_PROVIDED ENTRIES:_
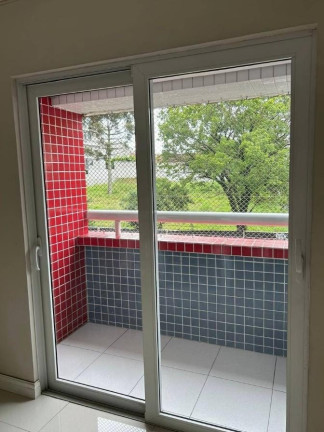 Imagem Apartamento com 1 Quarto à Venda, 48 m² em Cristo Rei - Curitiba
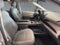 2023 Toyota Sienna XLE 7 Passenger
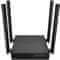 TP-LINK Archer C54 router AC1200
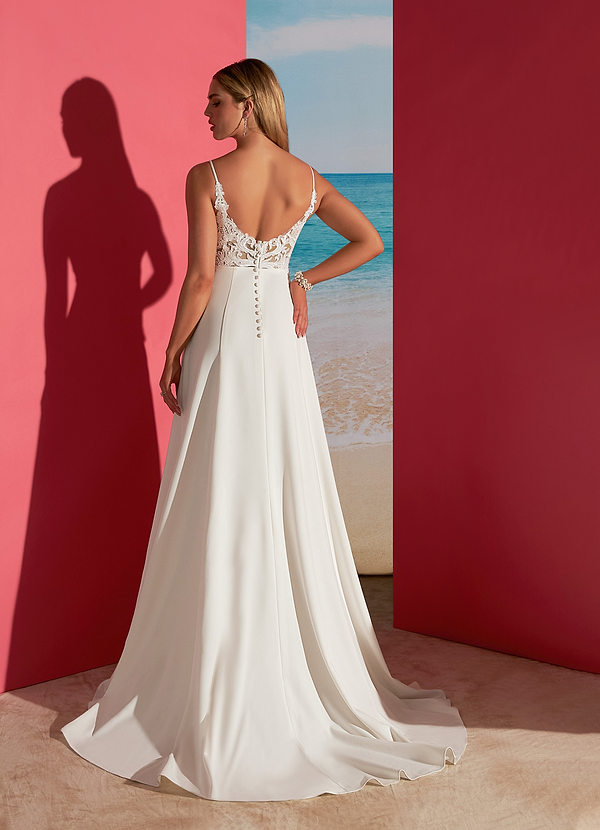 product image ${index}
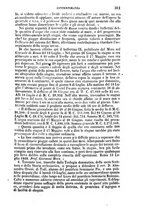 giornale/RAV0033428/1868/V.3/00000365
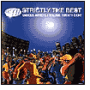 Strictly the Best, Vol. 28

_THE TASK:_ Write the material out again exactly as it appears, dropping the pictures.

_TASK OUTPUT:_
 Imagem Apartamento com 1 Quarto à Venda, 48 m² em Cristo Rei - Curitiba
 2023 Toyota Sienna XLE 7 Passenger
 TP-LINK Archer C54 router AC1200
 product image ${index}
 giornale/RAV0033428/1868/V.3/00000365
 Strictly the Best, Vol. 28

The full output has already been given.